Transformer Architecture
The transformer is the architecture behind every major language model since 2017, and yet most discussion of "AI" treats it as a black box. Which is a shame, because the core mechanism — self-attention — is genuinely elegant: a sequence-to-sequence operation where each element in the output is a weighted average over the entire input, with the weights learned from the data itself. Everything else in the transformer is either there to make this operation more expressive or to keep training stable.

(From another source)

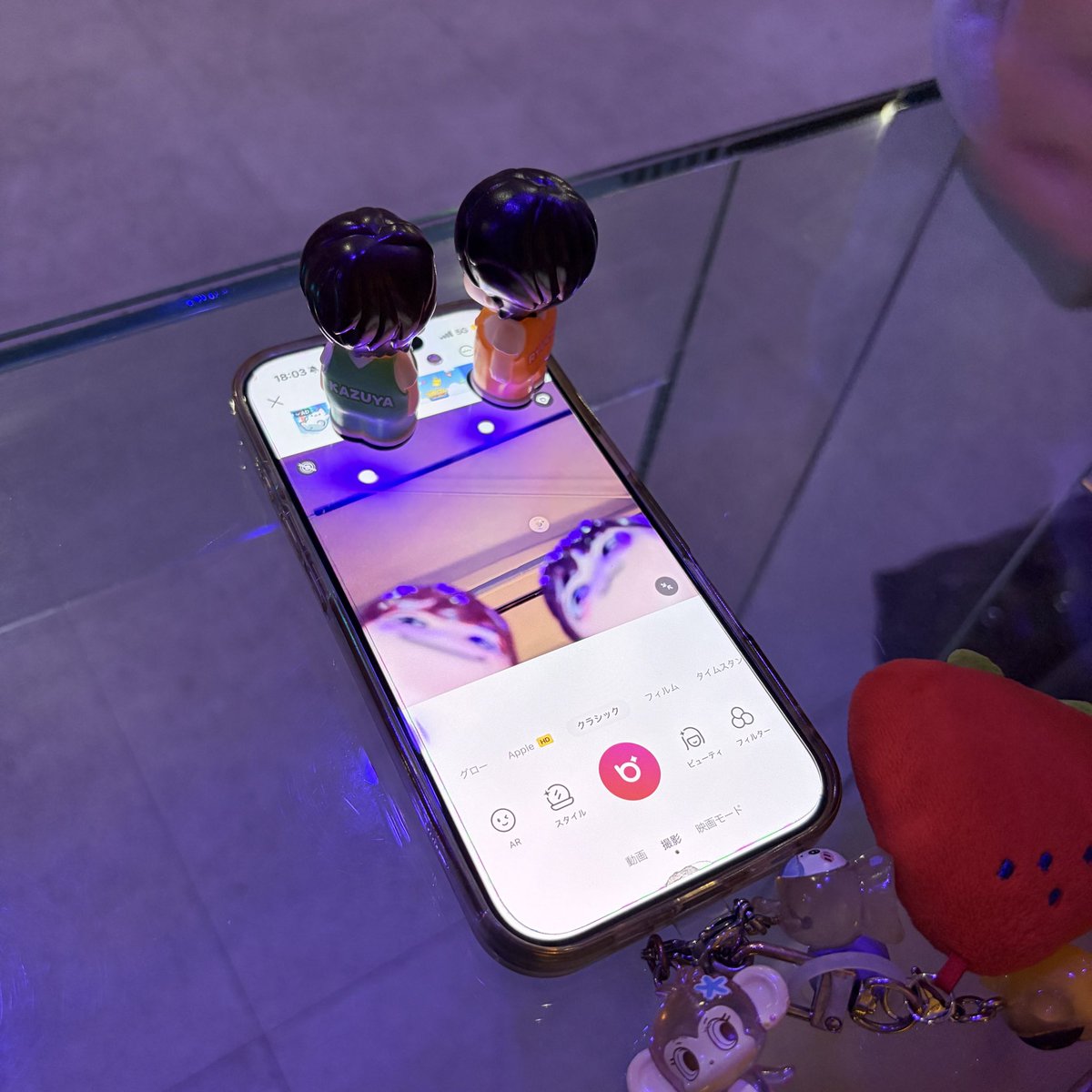 🪽🤍 tweet media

Self-Attention: The One Operation That Matters
The entire transformer rests on one idea: let every token in a sequence attend to every other token. Given an input sequence of vectors, each output vector is a weighted sum over all input vectors, where the weights are determined by dot-product similarity. In pseudocode it's remarkably compact — two matrix multiplications and a softmax.1
The dot product here is doing the work that handcrafted features used to do. Think of it like a recommender system: in movie recommendation, you'd learn user vectors and movie vectors whose dot products predict ratings. Self-attention does the same thing, except the "users" and "movies" are tokens in a sequence, and "compatibility" is whatever relationship the training signal rewards. The word "walks" learns to attend to nearby nouns because knowing who is walking helps predict what comes next.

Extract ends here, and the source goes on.